* _What to do_: A word-for-word reproduction of the data below is needed, with no pictures in it.

* _Dataset extract_:

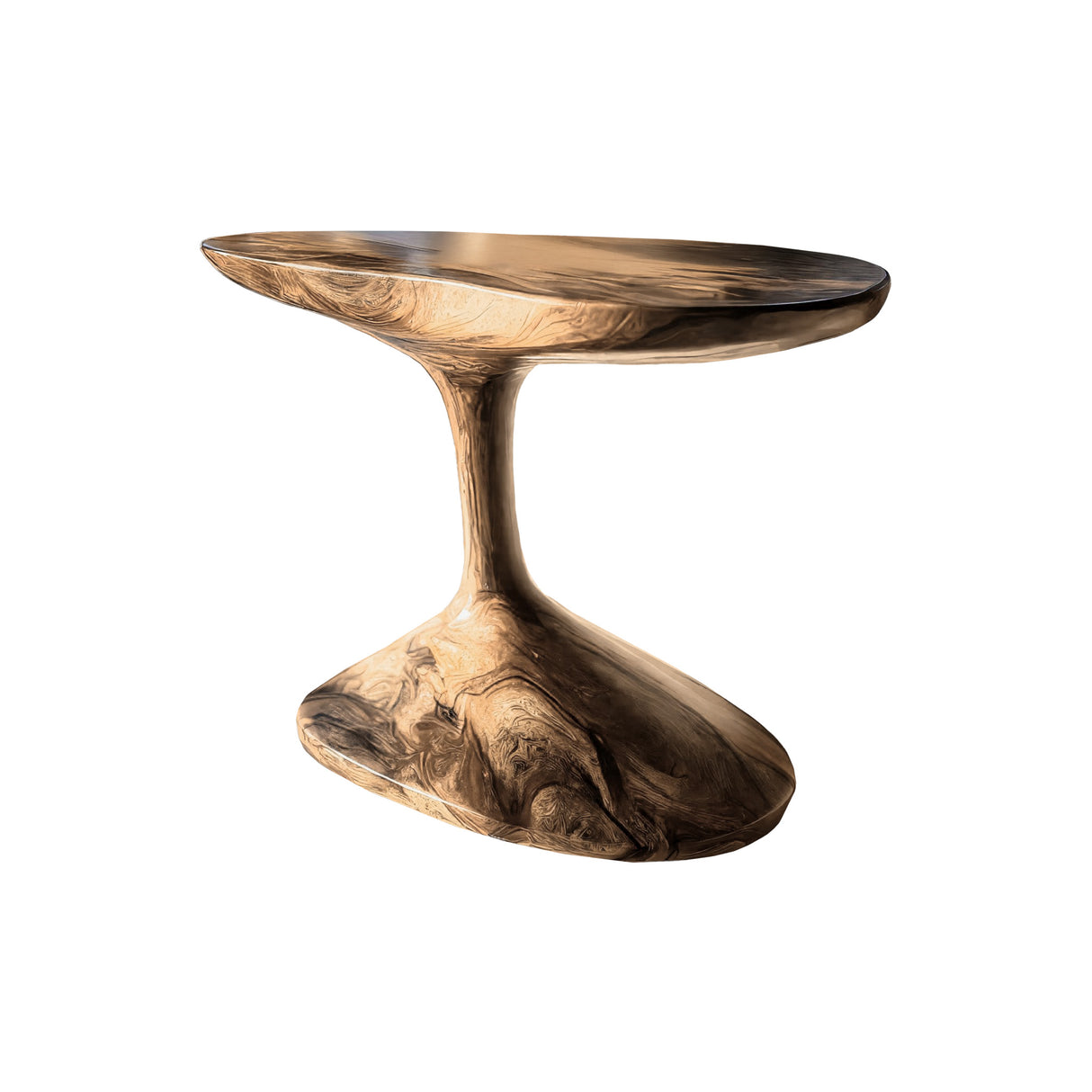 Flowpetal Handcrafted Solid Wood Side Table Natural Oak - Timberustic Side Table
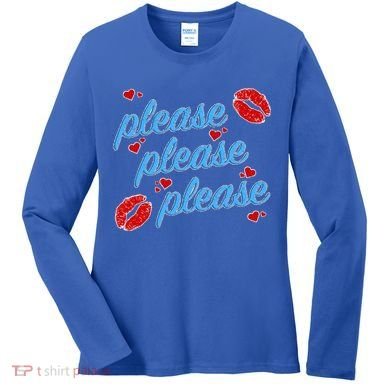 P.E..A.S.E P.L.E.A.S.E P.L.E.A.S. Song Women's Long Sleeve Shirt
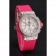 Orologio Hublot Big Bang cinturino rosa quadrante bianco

* _Task output_:
 Flowpetal Handcrafted Solid Wood Side Table Natural Oak - Timberustic Side Table
 P.E..A.S.E P.L.E.A.S.E P.L.E.A.S. Song Women's Long Sleeve Shirt
 Orologio Hublot Big Bang cinturino rosa quadrante bianco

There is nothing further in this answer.